- _SUPPLIED RECORDS_:
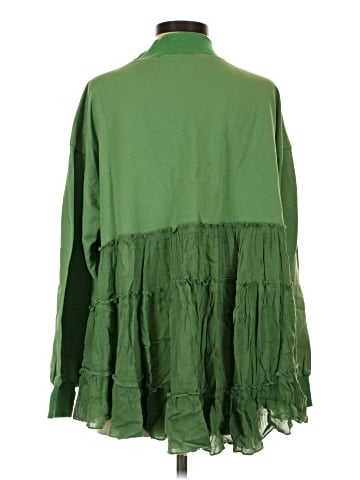 Listicle Long Sleeve Blouse (view 2)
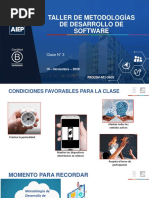 Formato Clase MDS Clase N3 PRO204 M1 3601 PDF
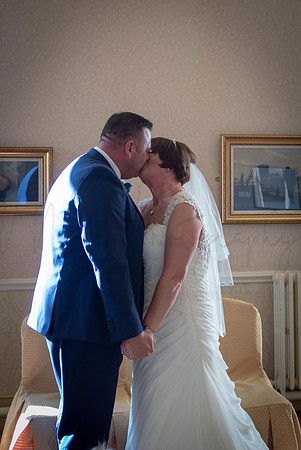 John & Sue Wedding Runcorn town Hall
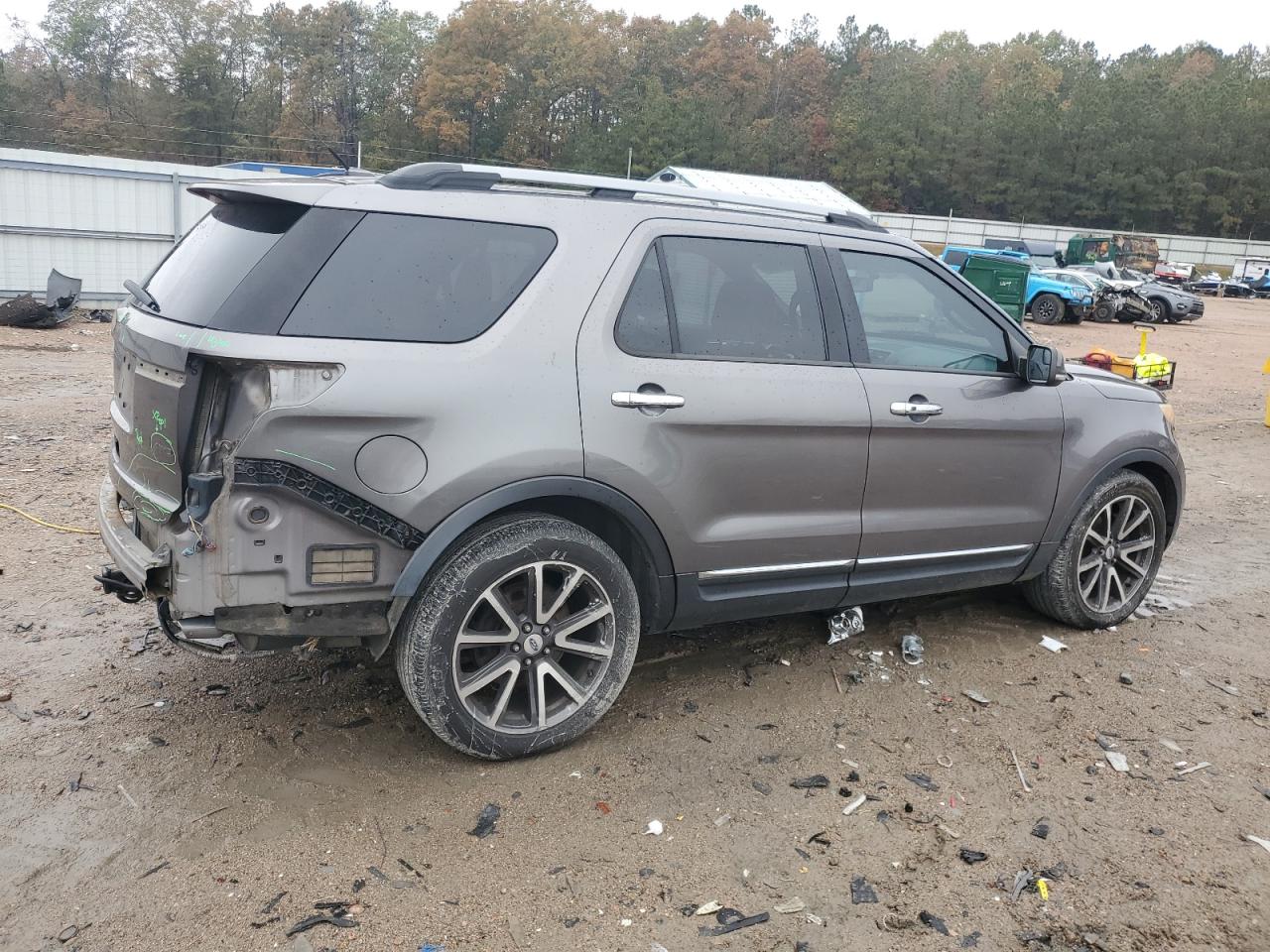 FORD EXPLORER LIMITED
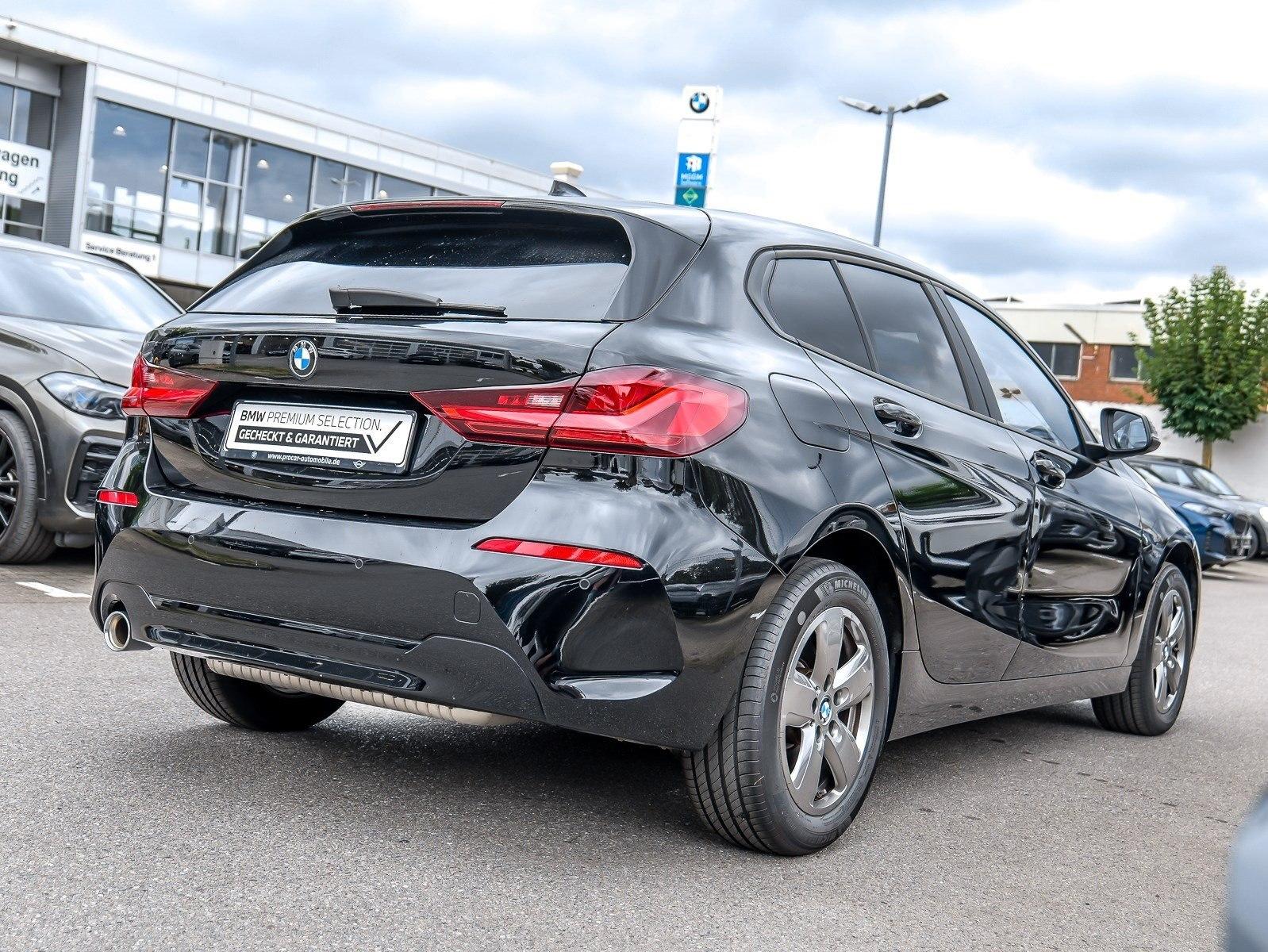 BMW 118i Aut. Advantage ACC LiveCockpitProf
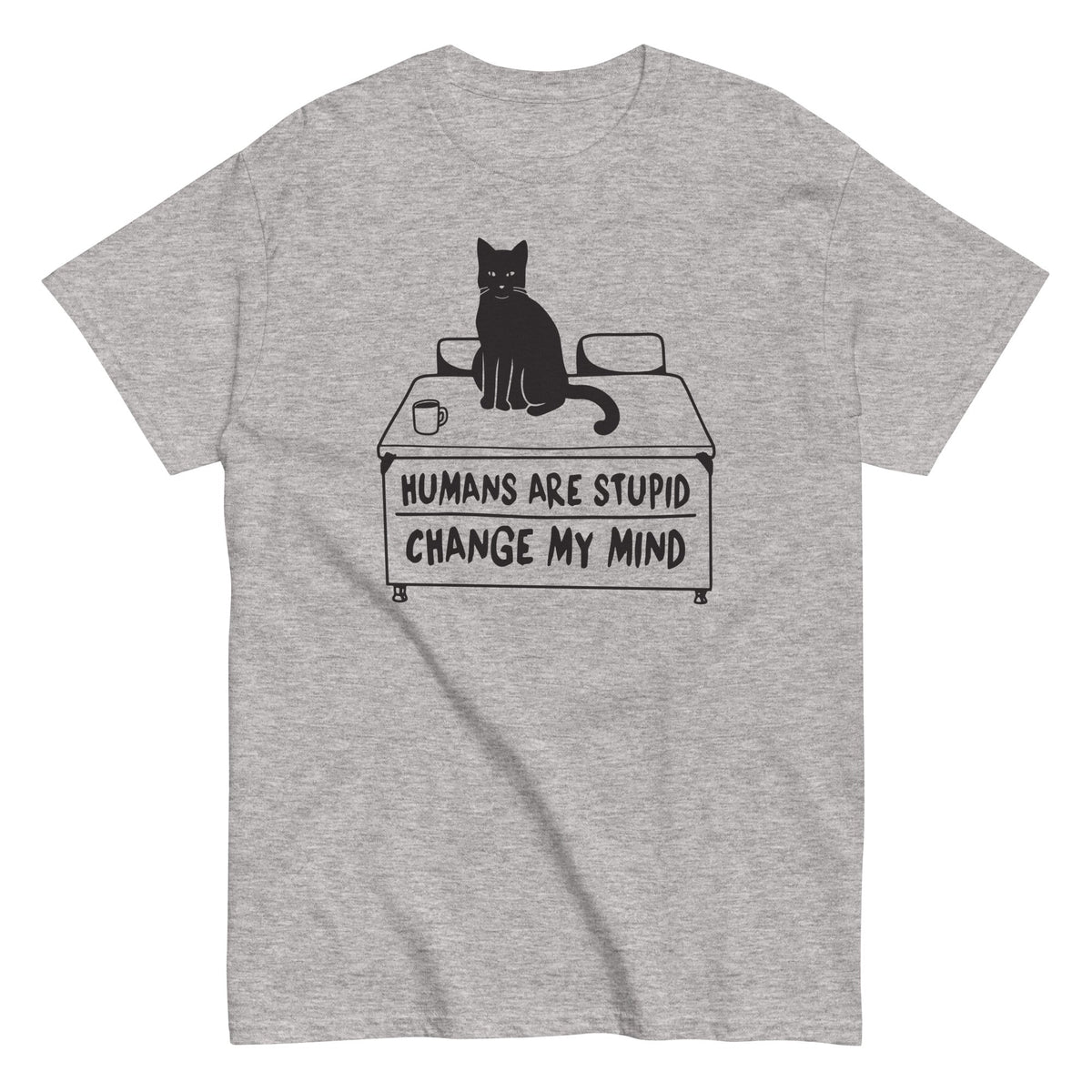 Humans Are Stupid Men's Classic Tee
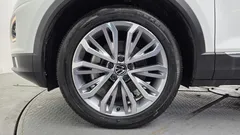 2021 Volkswagen T-Roc 2.0 TDI Prestige, белый — фото 5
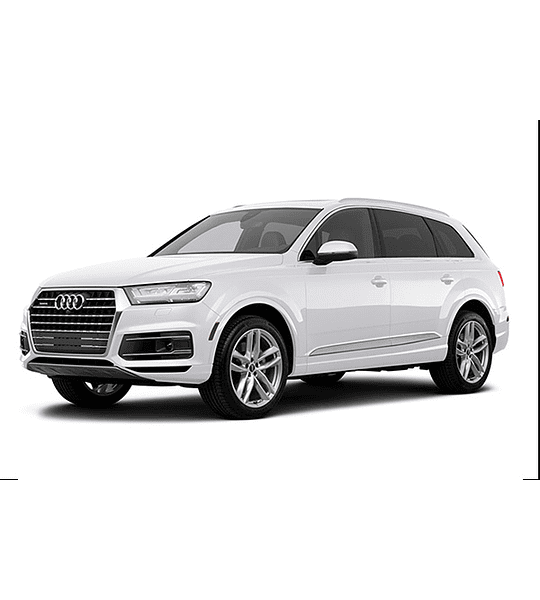 Diagramas Electricos - Audi Q7  ( 2015 - 2019 )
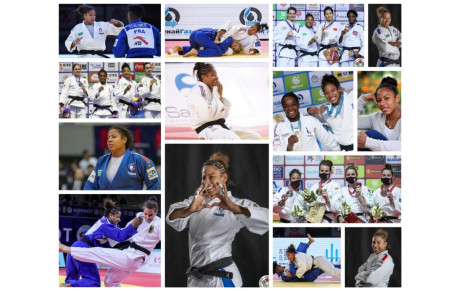 Et si vous rencontriez une championne de France de Judo ?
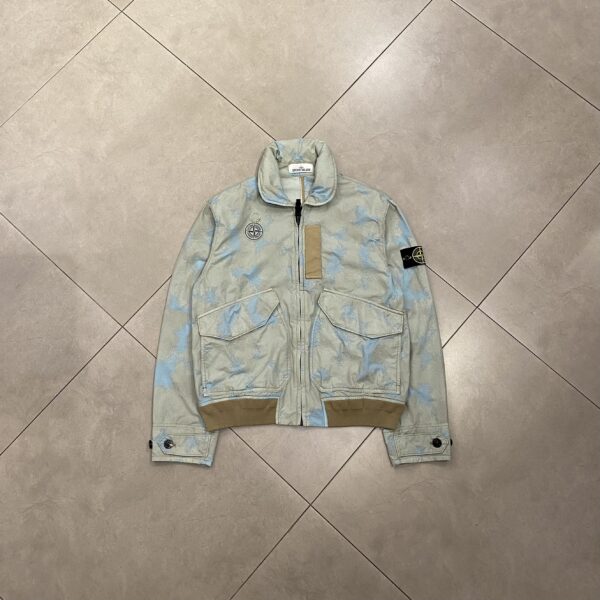 CAMO DEVORE JACKET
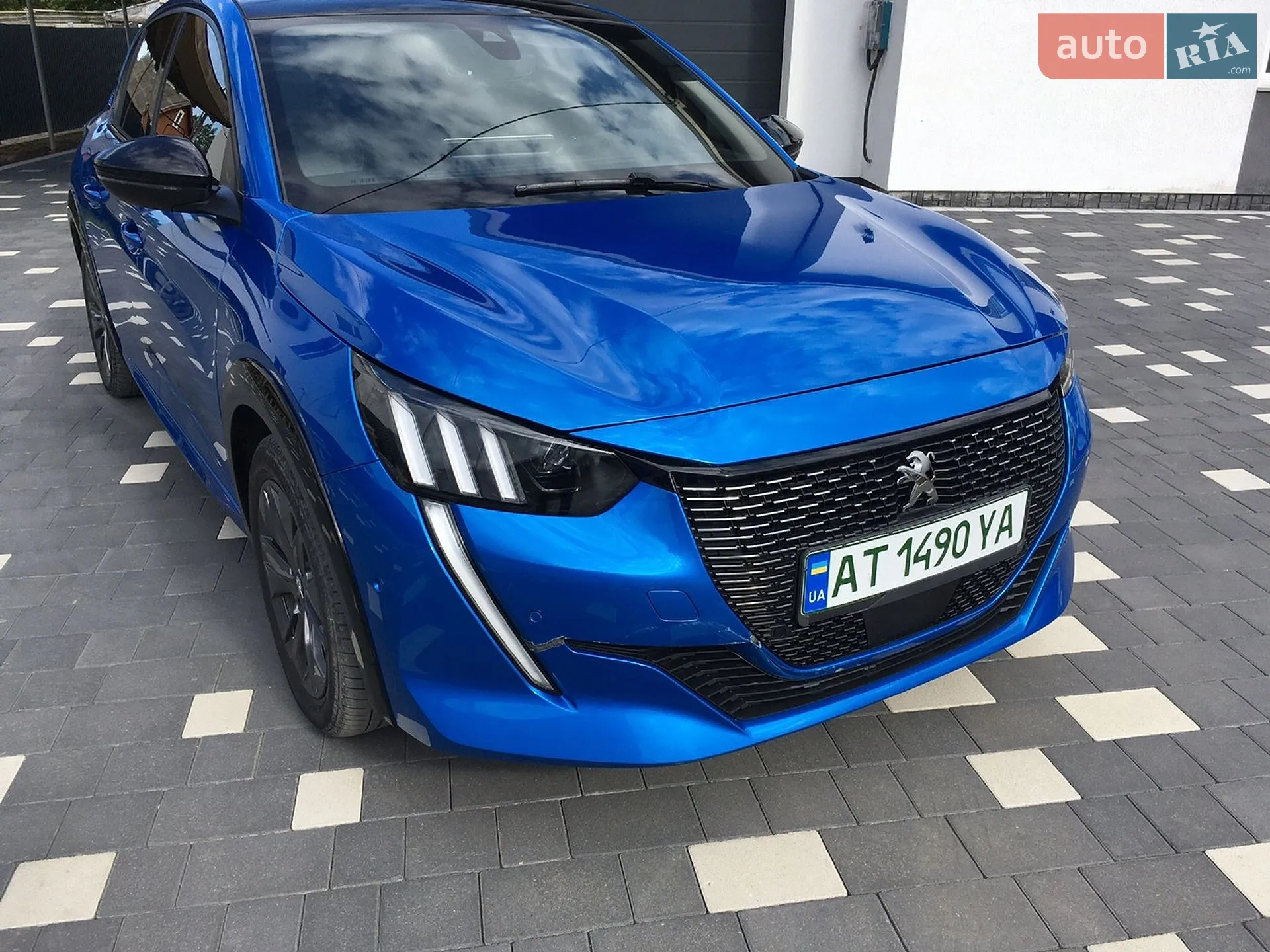 2021 Peugeot 208 - мініатюра 2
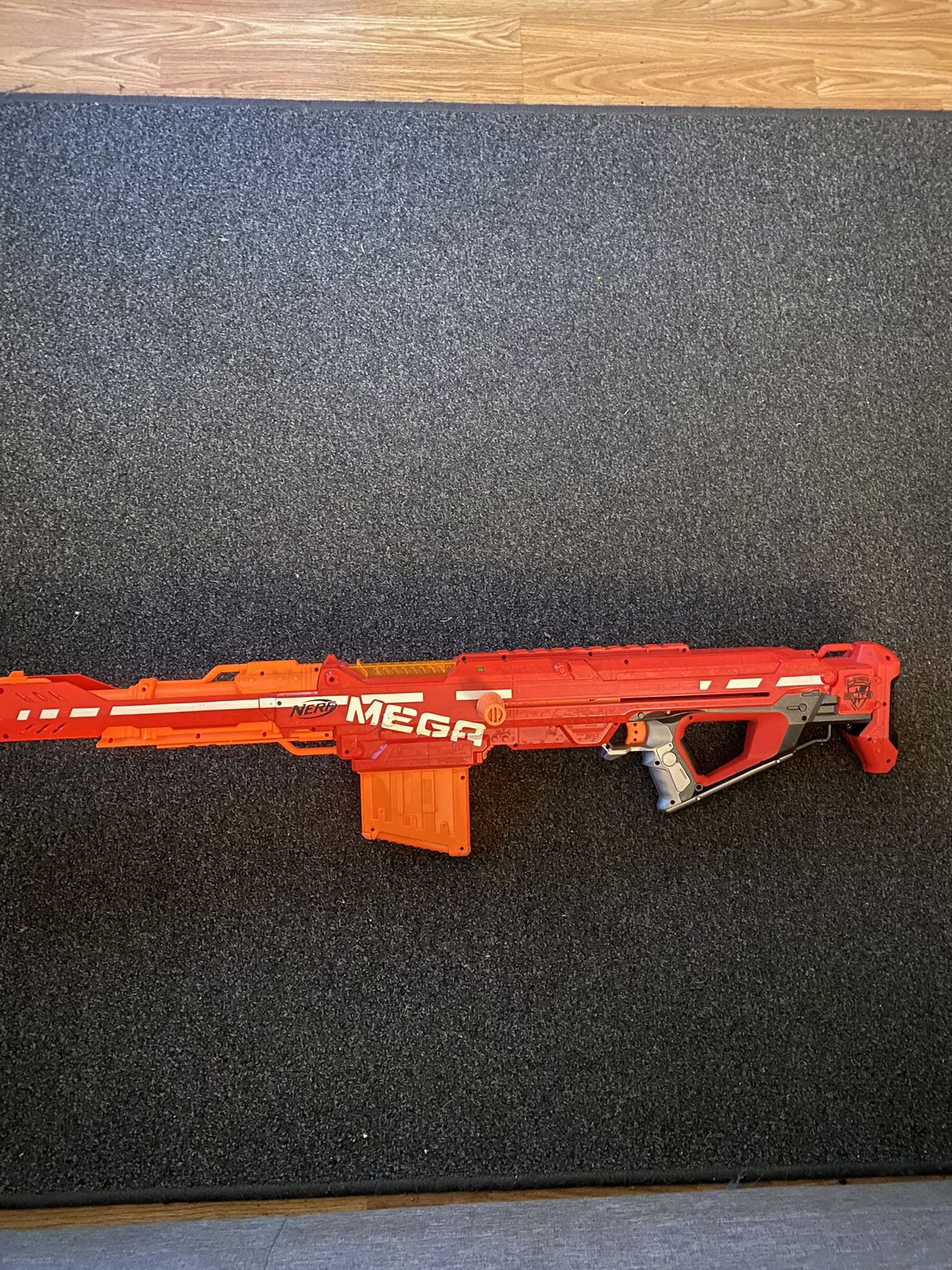 Nerf Mega Centurion Sniper Gun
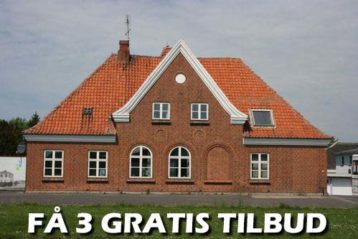 3 gratis tilbud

- _WORK TASK_:
Find the line containing "2021 Volkswagen T-Roc" in the records above, then copy it and every line after it exactly, through the last one, without any pictures.

- _ANSWER BOX_:
 2021 Volkswagen T-Roc 2.0 TDI Prestige, белый — фото 5
 Diagramas Electricos - Audi Q7  ( 2015 - 2019 )
 Et si vous rencontriez une championne de France de Judo ?
 CAMO DEVORE JACKET
 2021 Peugeot 208 - мініатюра 2
 Nerf Mega Centurion Sniper Gun
 3 gratis tilbud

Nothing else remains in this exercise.